▶ [Dataset excerpt]
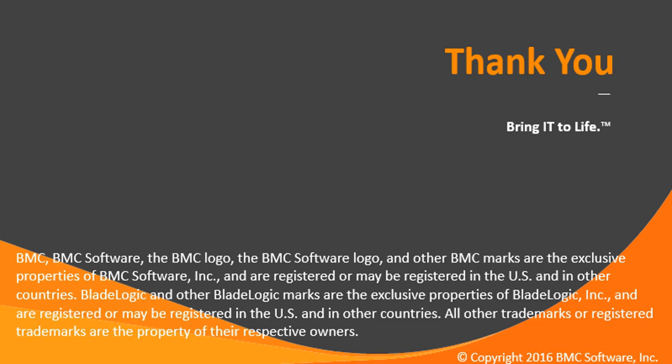This is how you create a custom patch catalog in Red Hat Linux. Hope you like the video. Have a great day ahead.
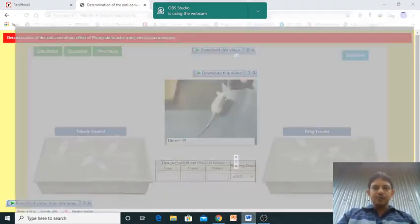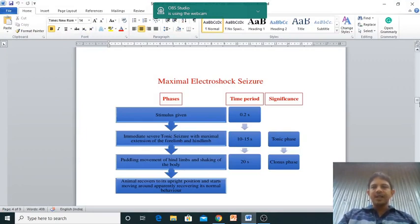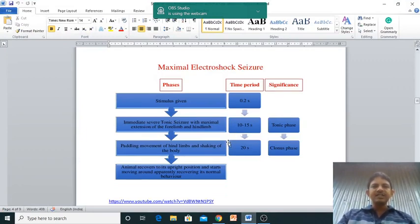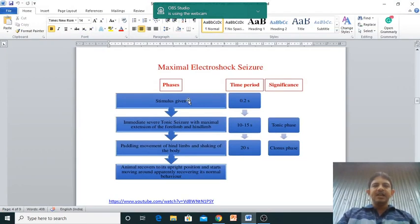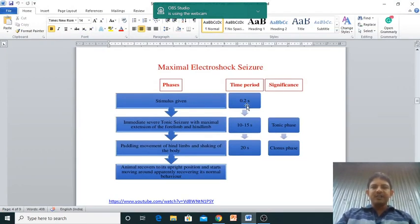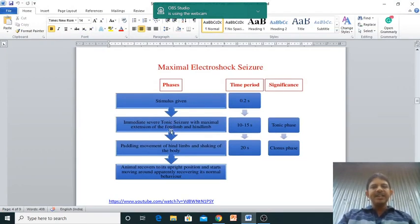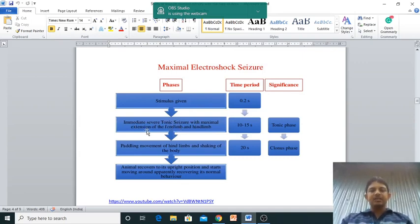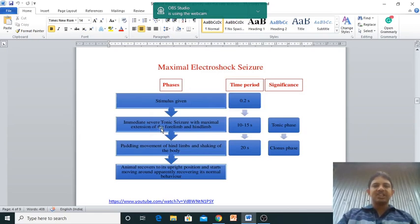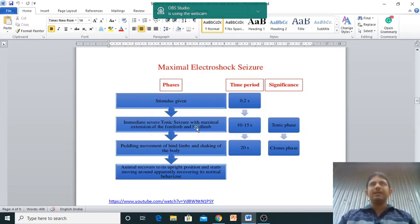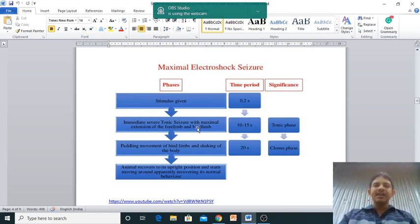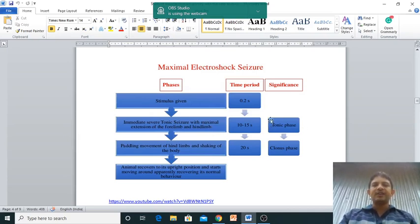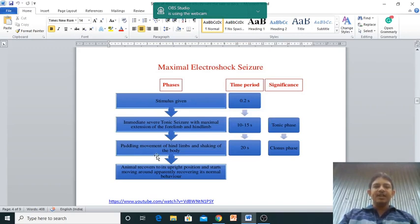Now I'll show you - whenever we are giving the electric shock, generally stimulus is given for 0.2 seconds. Then immediately severe tonic seizure with maximal extension of the forelimb and the hindlimb. So forelimb and hindlimb extension is there - that is known as the tonic phase. Generally it may be 10 to 15 seconds.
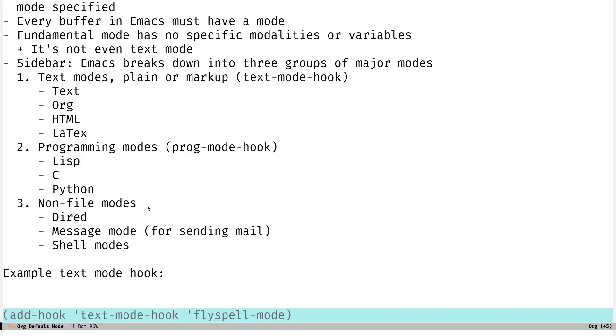And then you also have non-file modes, like for DRED, the directory editor, message mode for sending email, and the various shell modes for your shell interpreters and things like that. And, of course, it's really obvious in DRED, like when you pop into that, all the key bindings change and you have different options, very much like in all these other modes.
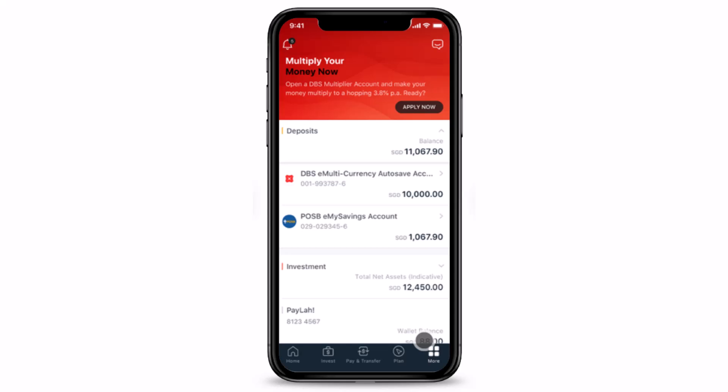First of all, make sure to log into your DigiBank Mobile app with your Touch ID, Face ID, or your user ID and PIN. After you log in, you will see this kind of interface.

▶ [Goal of the exercise] Please, without any of the pictures, set down exactly the lines from the beginning of the listing to the line that contains "Now I'll show", inclusive.

▶ [Answer section]
This is how you create a custom patch catalog in Red Hat Linux. Hope you like the video. Have a great day ahead.
Now I'll show you - whenever we are giving the electric shock, generally stimulus is given for 0.2 seconds. Then immediately severe tonic seizure with maximal extension of the forelimb and the hindlimb. So forelimb and hindlimb extension is there - that is known as the tonic phase. Generally it may be 10 to 15 seconds.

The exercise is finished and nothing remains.